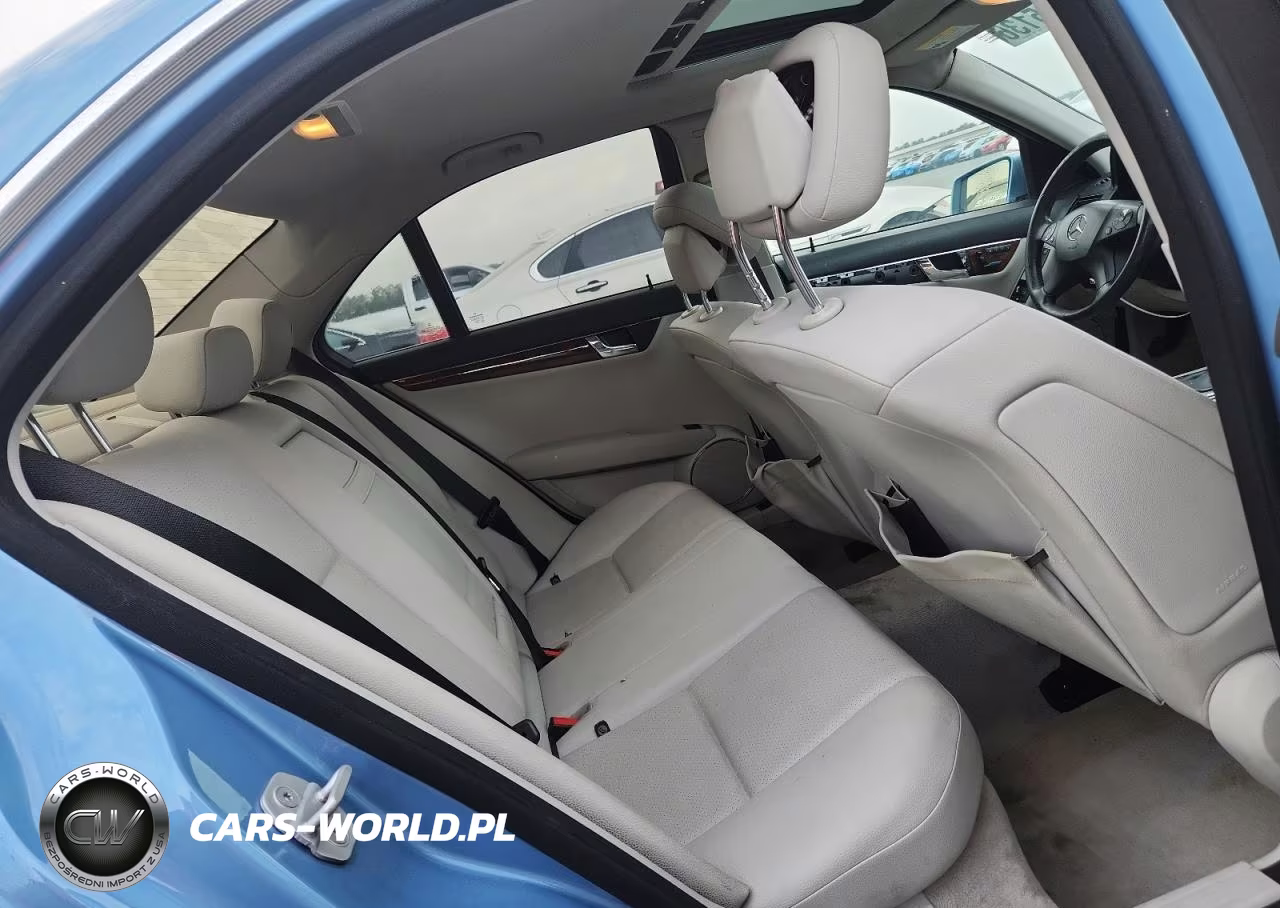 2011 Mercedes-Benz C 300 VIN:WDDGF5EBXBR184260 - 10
= = = = =
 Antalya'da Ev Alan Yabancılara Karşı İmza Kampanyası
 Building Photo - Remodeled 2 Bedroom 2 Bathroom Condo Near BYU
= = = = =
Given the records above, return exactly the lines starting at the line containing "Antalya'da Ev Alan" and ending at the line containing "Building Photo - Remodeled", including both.

 Antalya'da Ev Alan Yabancılara Karşı İmza Kampanyası
 Building Photo - Remodeled 2 Bedroom 2 Bathroom Condo Near BYU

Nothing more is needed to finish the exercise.